Also many of them can't be dialed down except at the tank. they are either on or off. And when they do fail they are difficult if not impossible to service at home. The big pigs/hogs or salamanders (I've heard both terms) are so stupid hot and loud that they can make for a very unpleasant day.


----------



## 6stringmason (May 20, 2005)

I havent specifically done the math on fuel costs, but LP up here is hovering around $1.80 per. Kerosene is above that, and diesel is at $2.50 ish. 

I also like not smelling the diesel or kerosene fumes all day, or having to slosh around and fill the 5 gallon jugs all the time. Its nice to have 500 gallon tanks dropped off for bigger jobs, or just drag around 100lbers and 20's for the smaller ones. 

I did find some LP heaters for about $200 that have a thermostat and can be changed from 130k to 170k from Fleet Farm, an upper midwest chainstore. They've also got the auto ignite on them, no priming involved. I've been running the LP's now for 4 or 5 years, and other than having to fix a cord, or put a new fan on. they turn all day without fail. 

I guess its just personal preference.


----------



## dom-mas (Nov 26, 2011)

I did the math on LP and diesel when I was first starting and the difference was over 2x more for propane. If I had figured Kero it would have been the same. Diesel cost was $40 per day and propane was almost $100.


----------



## JBM (Mar 31, 2011)

If my heating cost 100 a day thats what I would charge additional.


----------



## Rockmonster (Nov 15, 2007)

dom-mas said:


> Also many of them can't be dialed down except at the tank. they are either on or off. And when they do fail they are difficult if not impossible to service at home. The big pigs/hogs or salamanders (I've heard both terms) are so stupid hot and loud that they can make for a very unpleasant day.


Get a 'Hot Box' (by Red Dragon).....I've got two of them, you can dial em down, and they will *crank* when needed......plus, you can put about 200 lbs on top of them as well........when you need to heat up, or melt ice off of stock......

A true 5 star product.....:thumbsup:


----------



## dom-mas (Nov 26, 2011)

JBM said:


> If my heating cost 100 a day thats what I would charge additional.

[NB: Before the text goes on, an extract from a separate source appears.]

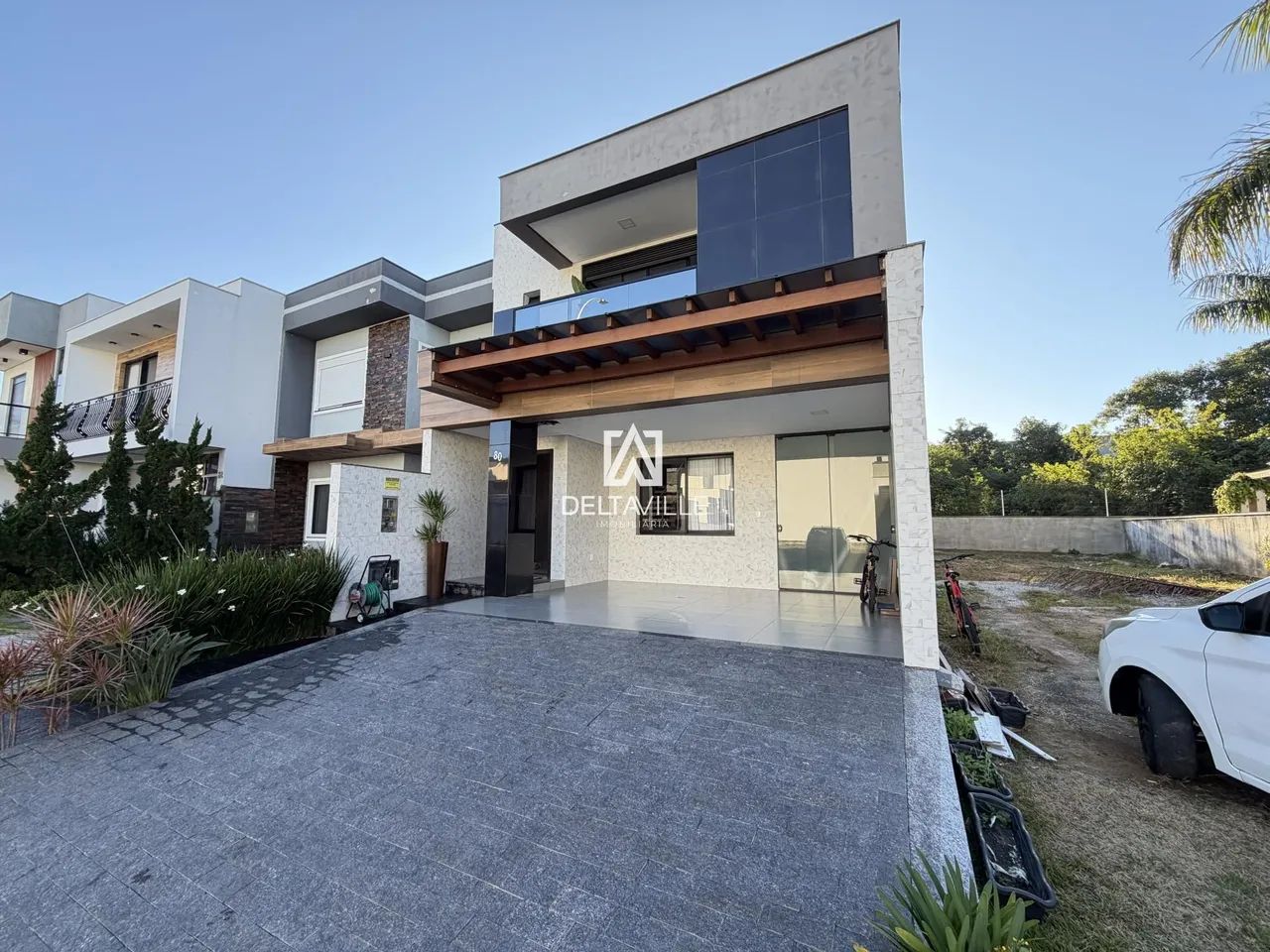 Casa Três(3) Quartos Com Suíte,Banheira e Piscina - Foto 3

I can't always get heating cost out of a project. If the project is too expensive they'll wait til spring. There's no doubt about it...I make less money in the winter for more out put of work, with or without heating cost. If i could just add $2k to the cost and still get the job I would...but I can't so I either eat the heating cost or only add $1k to the cost and get the work. I still make more than sitting at home


----------